2. 3. Designing multimodal interaction method

In specifically defining the property of multimodal sensory input for the interaction with the AI agent and the interface, as broadly mentioned above, this study deals with three sensory inputs—hand gestures, voice commanding, and eye-gazing—as principal behavioral criteria. Based upon those archetypal principles, detailed gestural motions are individually devised. In notionally defining a user’s expressive combination by three established sensory input principles, hand gesture comparatively serves as a primary sensory input element among the other ones since it is the most intuitive, immediate expression method, especially in the case of rapidly flicking the contents or intervening the AI agent’s verbal response. Regarding this consideration, Hirzle et al. explains that the majority of research associated with simulating the AI under the XR preferentially deals with hand gesture-driven interaction than the other methods (Hirzle et al. 2023). Also, utilizing hand and finger as a universal gadget is renowned as an intuitive and natural act of expression—that does not require any intellectual understanding—among the multimodal communication methods, such as pointing at a certain object with a finger (Rakkolainen et al. 2021).
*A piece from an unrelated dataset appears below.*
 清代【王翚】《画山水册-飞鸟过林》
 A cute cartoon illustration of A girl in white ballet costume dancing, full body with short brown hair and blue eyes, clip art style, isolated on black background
With this hierarchal set-up between sensory inputs, clustering and classifying expressional inputs depending on ITA and DTA was conducted under the user’s representative behavioral patterns (Figure 3). In terms of multimodality, granular properties of each hand gesture, eye-gazing, and voice commanding grouped under a certain behavioral keyword are intermixed altogether as a consolidated communication method in the processes of interacting with the independent, dependent AI agent and the interface.

Fundamentally, this multimodal interaction-driven approach towards the AI agent and interface within the XR environment is related to the latent possibility of technological advance on AI technology. Due to rapid advance of AI capacity, it is expecting that AI-integrated products, platforms and environments will agilely react to a user’s verbal request with a more sophisticated, well-detailed response (Kalla et al. 2023). To satisfy this anticipation, fostering an environment where the real-like interaction with Intelligent Virtual Agent (IVA) can take place is crucial (Guimarães et al. 2020).In particular, for an immersive conversation with IVA, qualitative improvement on the process of communication through effectively tuning the response time is recognized as one of the important points (Wienrich et al. 2018).Likewise, properly fostering the adequate behaviors of the AI agent such as polite verbal and non-verbal manner during the mutual interaction promotes a positive usability result (Zojaji et al. 2020).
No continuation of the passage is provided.